# Wheel Rake... Too Much Hay?



## Idaho Hay (Oct 14, 2016)

So I picked up this wheel rake last fall because I've been wanting to upgrade from my little side delivery rake to a V-rake, and I found this one used for a great price. The rake works really good as long as you don't try to rake more than 2 ton per acre. I tried raking almost 3 ton per acre timothy, and it would just plug up instantly (really glad that I didn't sell my little basket rake). It's very obvious that the problem is that there's not enough clearance between the frame and the ground. So now I'm thinking that I need to resell this rake (I think I can sell it for what I bought it for), and buy a higher capacity wheel rake, but I would like some experience based input from you guys before I make any more rash decisions.

Here's some more details to think about:


I hay about 100 acres of grass.
I don't want to rake any more than 20ft of tedded hay.
Rotary rakes are not hardly used around here (never see a good used one for sale) and are too expensive for a new twin rotor.
Used hydraulic baskets are a dime a dozen, but they're all 25+ft and are just too big and complicated for my smaller operation (I think).
I like the function and simplicity of the wheel rake, as long as the hay is smoothly flowing through it.

So here's my questions:


The two brands/models that are available through my dealer that I have my eye on are the New Holland Duravee 1020 or the Sitrex Explorer MX10. What are your experiences with these rakes?
Could 3 ton per acre of fluffy grass hay ever be an issue with these high capacity rakes?
Is a high capacity style rake (wheels in front of frame) more than what I need?
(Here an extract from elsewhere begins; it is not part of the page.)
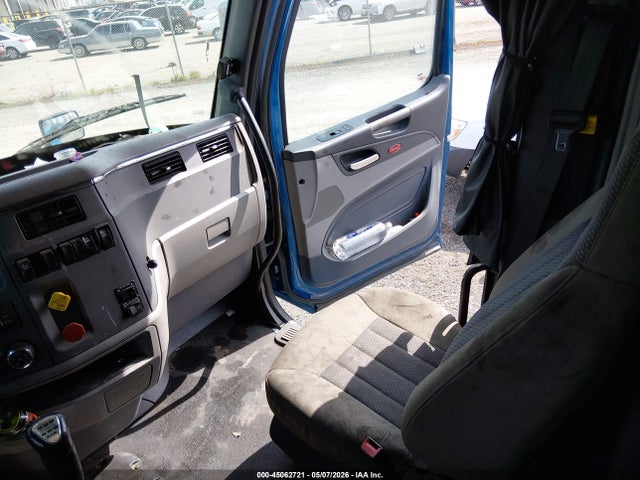 45062721 :رقم المزاد ، 1XPBDP9X5FD266443 vin ، 2015 Peterbilt 579 مزاد بيع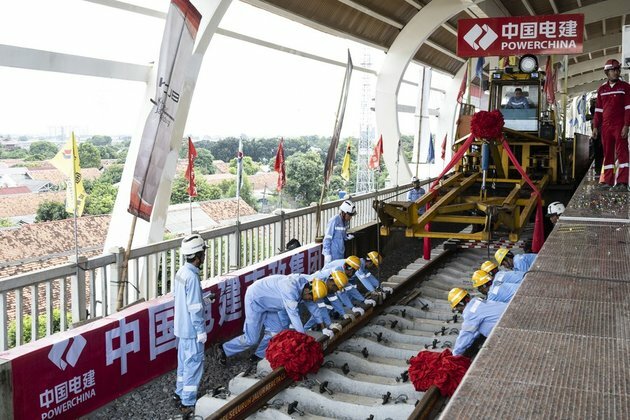 Globalink | Track Laying of Jakarta-Bandung High-Speed Railway completed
Or would a high clearance carted rake (wheels behind frame) be more than adequate? Such as a Sitrex QRake QR10 or a New Holland Procart 1022. 

Any and all opinions are appreciated.

Thanks,

-Kyle


----------



## Trotwood2955 (Sep 4, 2012)

Upfront disclaimer, I do not rake with a wheel rake anymore and have never operated a high capacity wheel rake.

I had a Tonutti 8 wheel carted rake about 10-12 years ago, basically similar to the rake you bought just painted a different color and 2 less wheels. Absolutely hated the thing. Was very little I liked about the rake and after a year or two parked it and went back to using NH rolabar rakes (now have a single rotary and sold the wheel rake). In heavy hay it would ball up same as you have experienced, felt it was hard to get all the hay dry, drug up on corners bad, etc.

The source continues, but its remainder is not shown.